» **YOUR ASSIGNMENT**: Lines from the line with "Volvo V60 B3" to the line with "Tabbert Vivaldi 460" in the entries below, and only those, must be output exactly, with both ends included.

» **RECORD EXCERPTS**:
* * * *

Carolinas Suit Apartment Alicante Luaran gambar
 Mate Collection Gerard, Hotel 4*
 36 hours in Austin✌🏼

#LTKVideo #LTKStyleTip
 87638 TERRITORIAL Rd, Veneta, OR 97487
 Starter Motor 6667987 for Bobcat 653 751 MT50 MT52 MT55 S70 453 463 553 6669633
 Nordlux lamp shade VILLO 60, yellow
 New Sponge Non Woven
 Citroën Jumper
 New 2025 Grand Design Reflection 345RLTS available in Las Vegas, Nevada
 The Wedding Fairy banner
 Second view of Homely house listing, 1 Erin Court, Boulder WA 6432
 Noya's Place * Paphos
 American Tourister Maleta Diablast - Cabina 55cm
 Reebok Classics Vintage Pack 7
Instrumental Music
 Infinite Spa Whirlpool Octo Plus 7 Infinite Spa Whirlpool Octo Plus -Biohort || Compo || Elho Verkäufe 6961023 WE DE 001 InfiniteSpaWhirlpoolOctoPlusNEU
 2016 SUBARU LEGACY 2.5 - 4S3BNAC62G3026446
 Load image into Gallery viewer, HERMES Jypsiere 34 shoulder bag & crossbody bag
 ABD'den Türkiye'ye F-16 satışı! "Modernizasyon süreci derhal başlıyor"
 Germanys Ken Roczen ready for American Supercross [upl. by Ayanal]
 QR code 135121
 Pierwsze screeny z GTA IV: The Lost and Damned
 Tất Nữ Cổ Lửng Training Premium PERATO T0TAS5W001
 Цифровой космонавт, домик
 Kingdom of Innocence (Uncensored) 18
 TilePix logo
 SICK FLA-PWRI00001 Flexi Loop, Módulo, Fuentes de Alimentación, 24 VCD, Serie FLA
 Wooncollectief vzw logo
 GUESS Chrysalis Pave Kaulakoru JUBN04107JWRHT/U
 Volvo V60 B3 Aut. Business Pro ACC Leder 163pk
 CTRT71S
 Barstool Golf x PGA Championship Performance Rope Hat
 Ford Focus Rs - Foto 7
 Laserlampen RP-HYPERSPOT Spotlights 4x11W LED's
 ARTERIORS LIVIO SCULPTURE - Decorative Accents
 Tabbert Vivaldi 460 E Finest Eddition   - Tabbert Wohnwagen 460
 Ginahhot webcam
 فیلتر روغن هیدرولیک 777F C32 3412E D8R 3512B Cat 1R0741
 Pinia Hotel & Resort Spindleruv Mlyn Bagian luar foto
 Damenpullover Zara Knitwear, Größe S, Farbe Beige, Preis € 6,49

* * * *

» **FINAL ANSWER**:
 Volvo V60 B3 Aut. Business Pro ACC Leder 163pk
 CTRT71S
 Barstool Golf x PGA Championship Performance Rope Hat
 Ford Focus Rs - Foto 7
 Laserlampen RP-HYPERSPOT Spotlights 4x11W LED's
 ARTERIORS LIVIO SCULPTURE - Decorative Accents
 Tabbert Vivaldi 460 E Finest Eddition   - Tabbert Wohnwagen 460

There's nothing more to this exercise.